*Task brief*: Only an exact repetition of the lines from the one holding "4909 12th St NE, Washington, DC 20017" to the end of the data is wanted, with pictures left out.

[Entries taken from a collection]
----------------
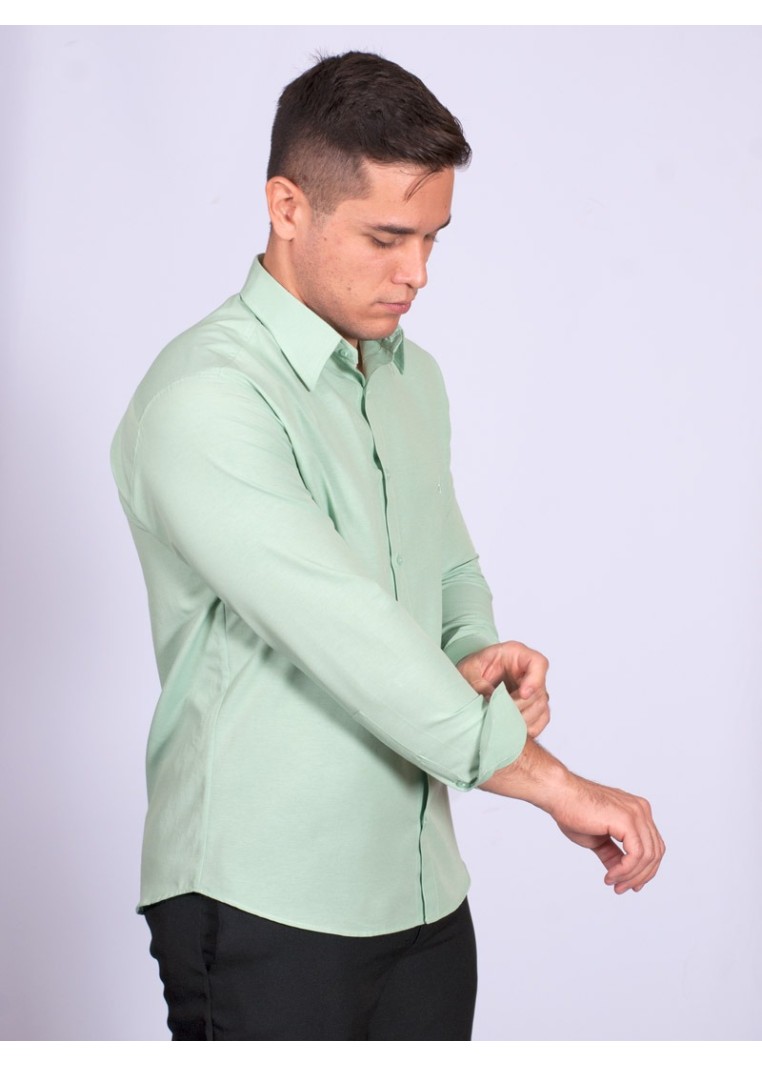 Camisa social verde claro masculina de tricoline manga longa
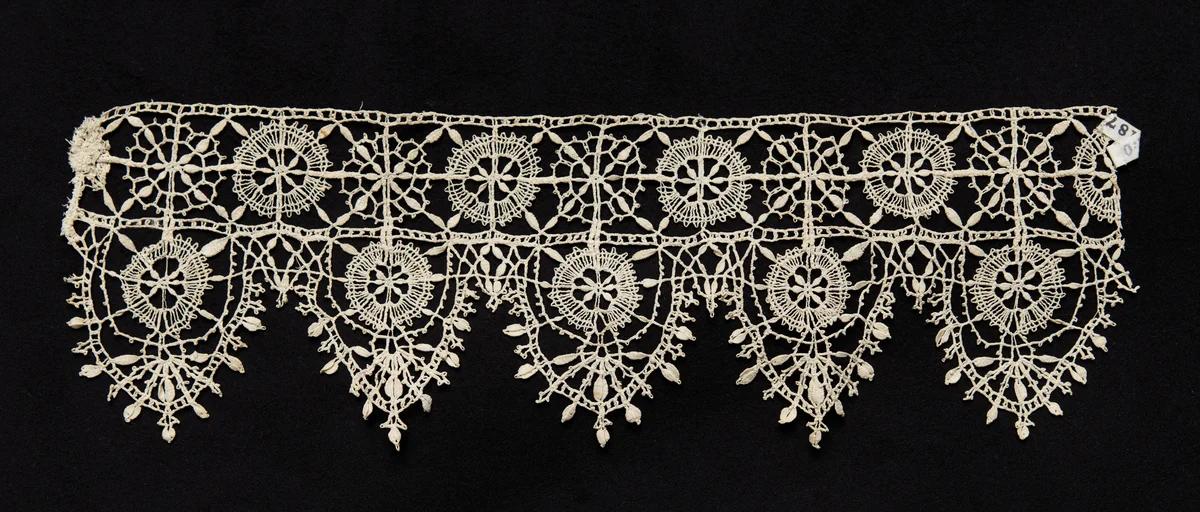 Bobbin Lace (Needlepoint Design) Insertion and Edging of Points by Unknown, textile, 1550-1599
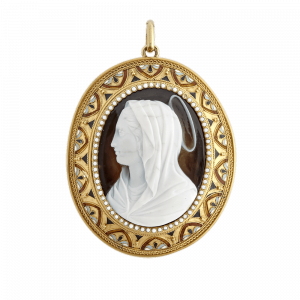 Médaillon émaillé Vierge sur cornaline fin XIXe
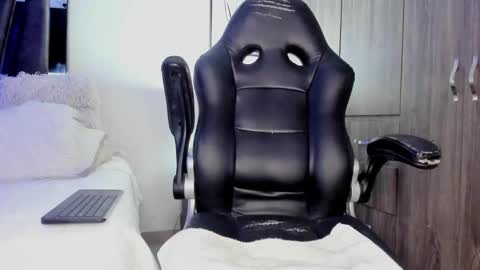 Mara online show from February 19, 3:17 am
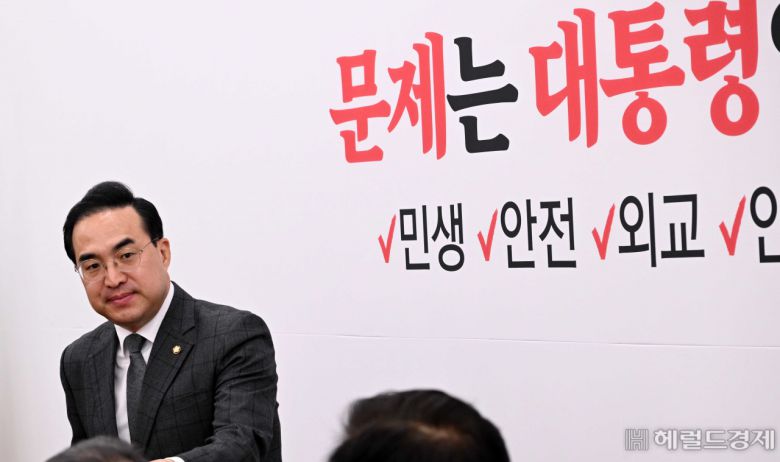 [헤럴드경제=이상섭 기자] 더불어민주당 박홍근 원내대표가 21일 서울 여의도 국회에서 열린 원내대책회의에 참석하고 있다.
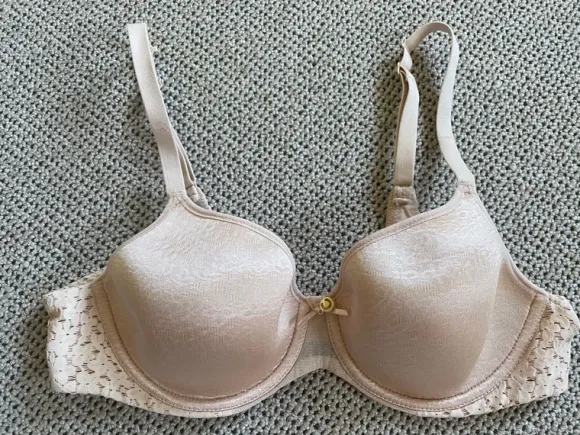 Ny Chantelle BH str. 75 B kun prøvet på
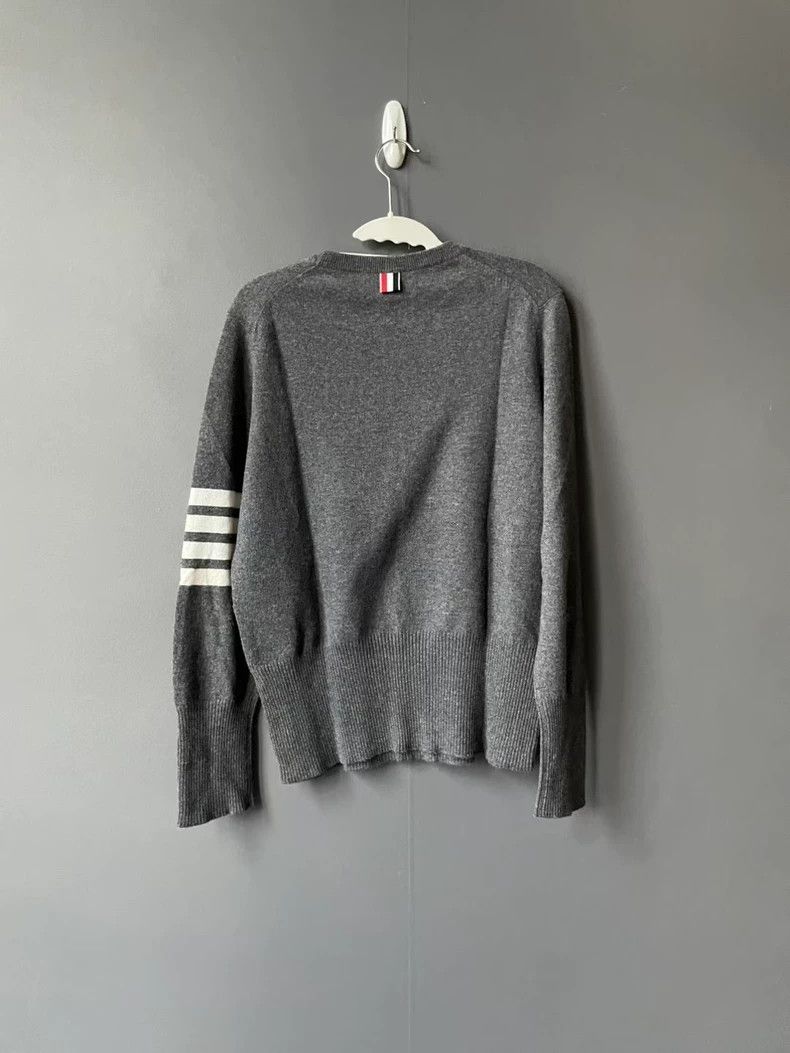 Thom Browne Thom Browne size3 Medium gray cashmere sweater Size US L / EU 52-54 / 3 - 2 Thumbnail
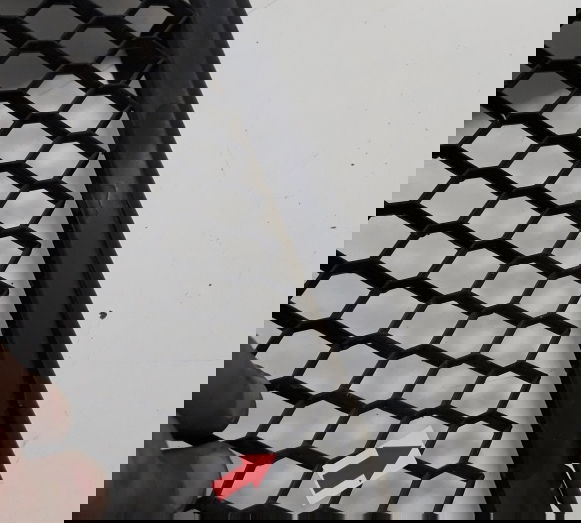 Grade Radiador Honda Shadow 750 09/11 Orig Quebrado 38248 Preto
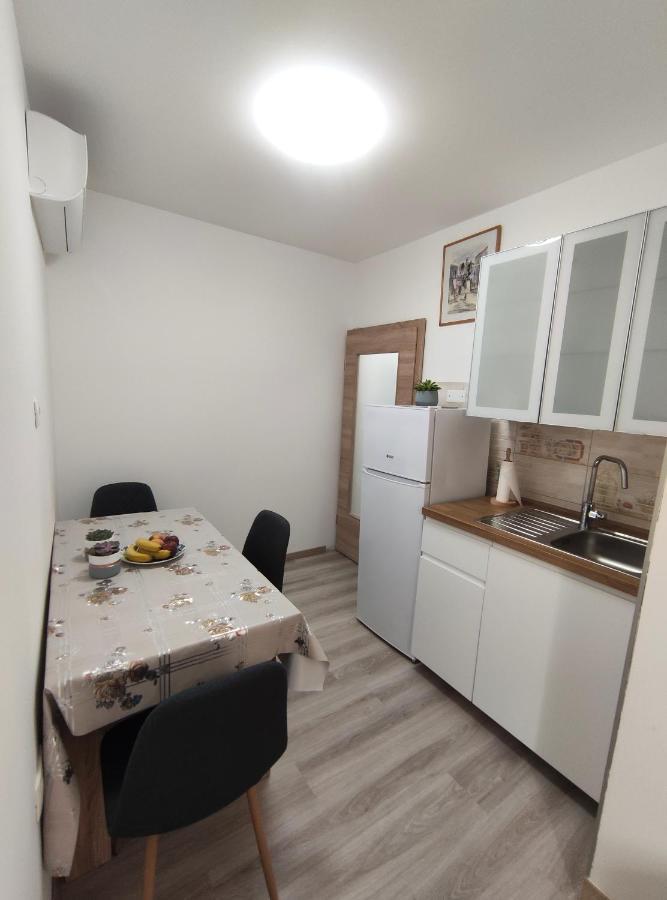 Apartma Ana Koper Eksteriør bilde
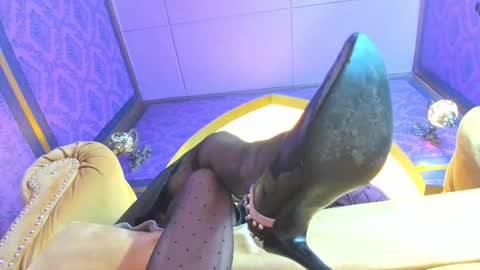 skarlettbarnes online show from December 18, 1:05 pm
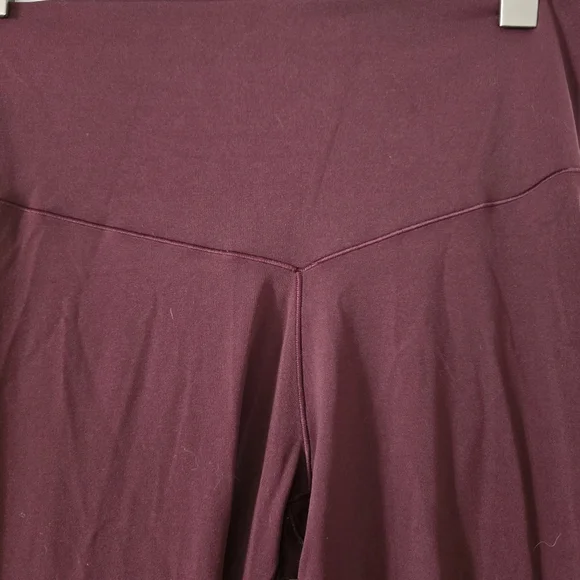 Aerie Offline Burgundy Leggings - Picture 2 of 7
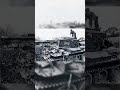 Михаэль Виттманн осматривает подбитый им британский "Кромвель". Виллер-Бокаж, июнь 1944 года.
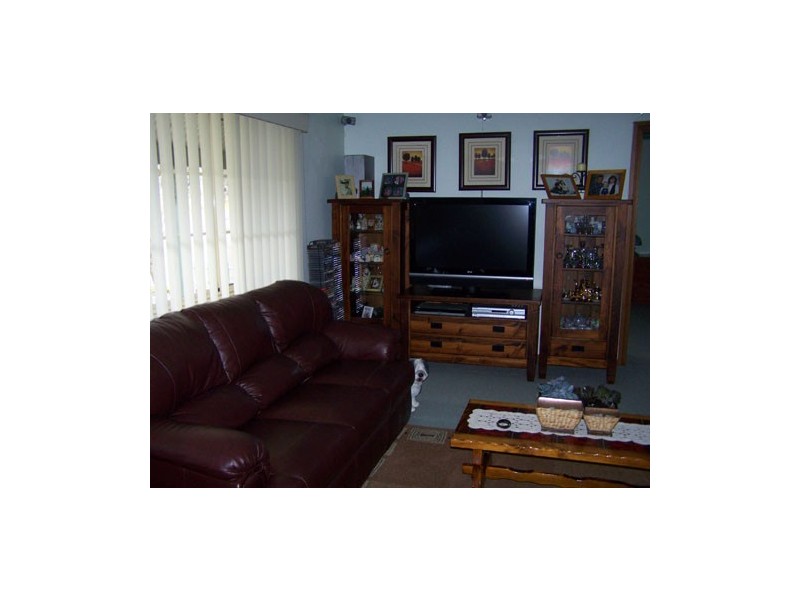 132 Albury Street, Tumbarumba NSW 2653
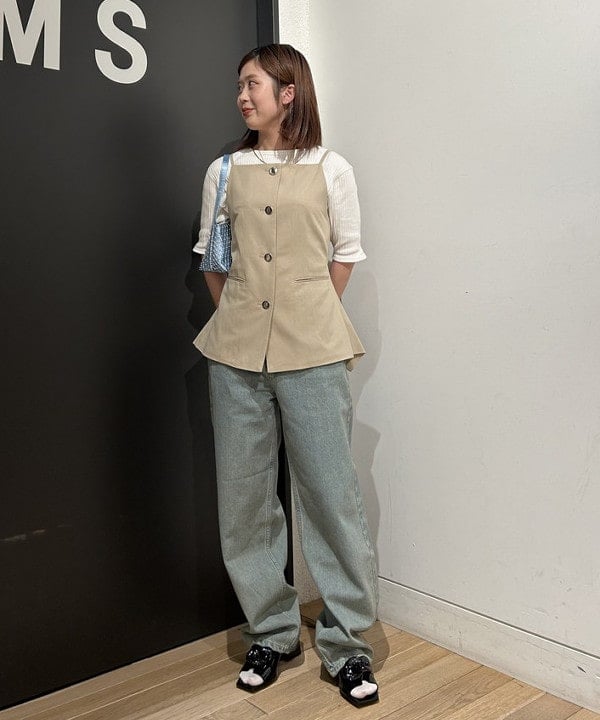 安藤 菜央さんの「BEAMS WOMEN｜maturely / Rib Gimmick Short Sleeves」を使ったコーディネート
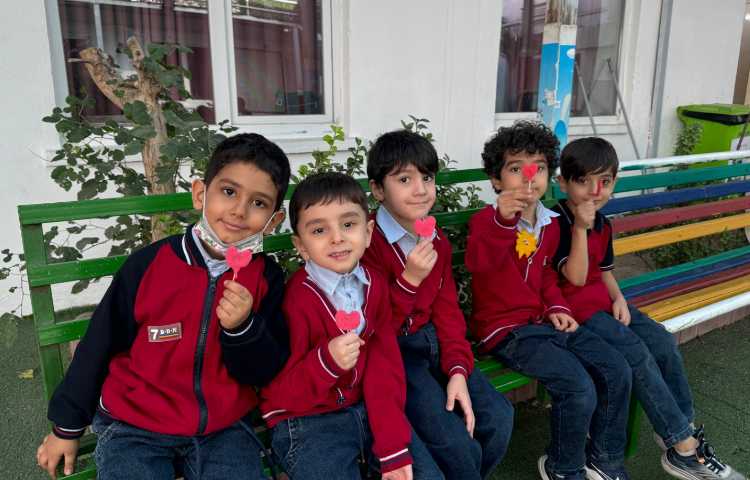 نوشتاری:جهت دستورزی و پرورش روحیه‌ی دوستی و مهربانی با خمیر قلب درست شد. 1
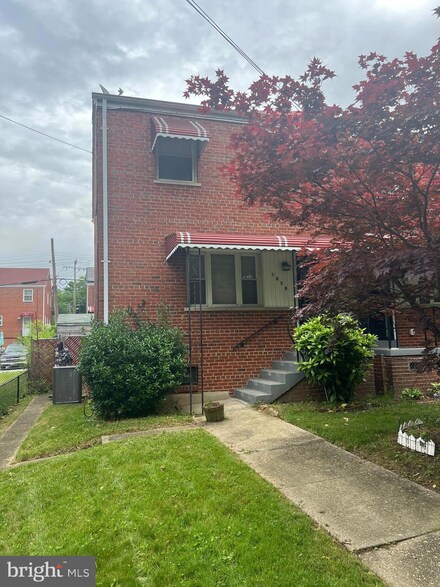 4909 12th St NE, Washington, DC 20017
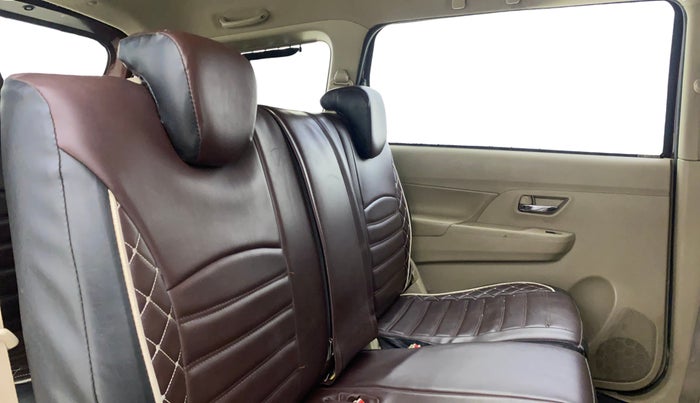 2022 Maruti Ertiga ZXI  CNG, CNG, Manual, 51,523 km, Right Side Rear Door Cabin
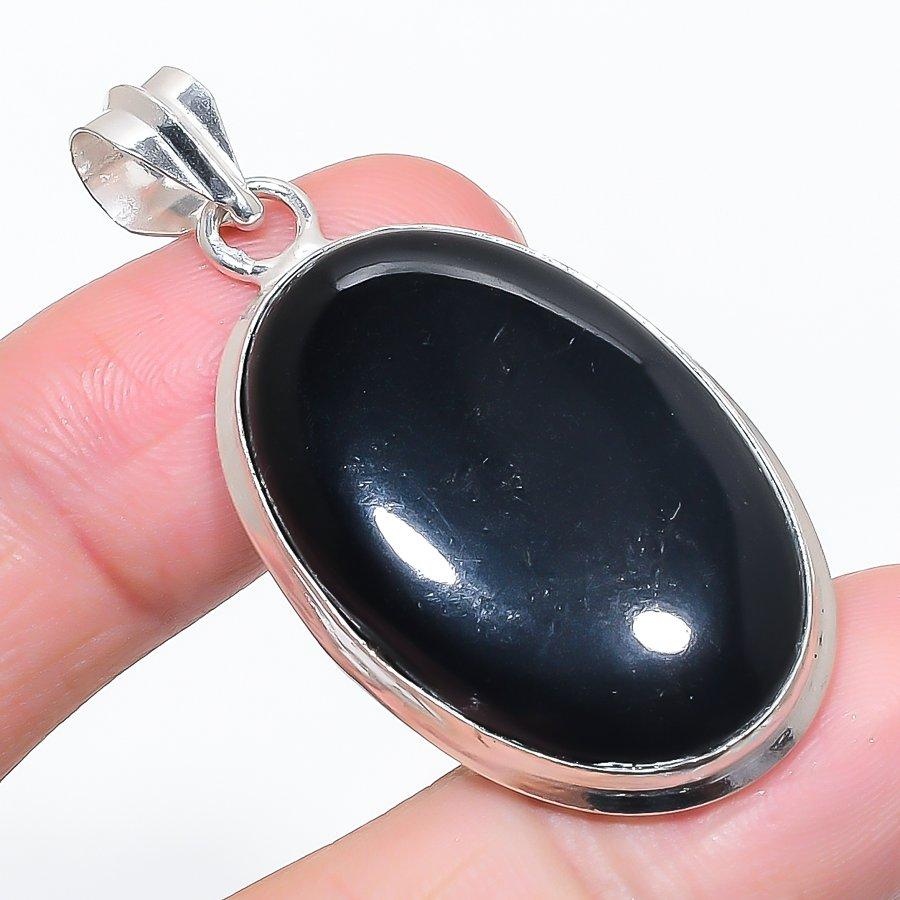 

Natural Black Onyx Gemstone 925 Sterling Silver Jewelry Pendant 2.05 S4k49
----------------
*The answer*:
 4909 12th St NE, Washington, DC 20017
 2022 Maruti Ertiga ZXI  CNG, CNG, Manual, 51,523 km, Right Side Rear Door Cabin

Natural Black Onyx Gemstone 925 Sterling Silver Jewelry Pendant 2.05 S4k49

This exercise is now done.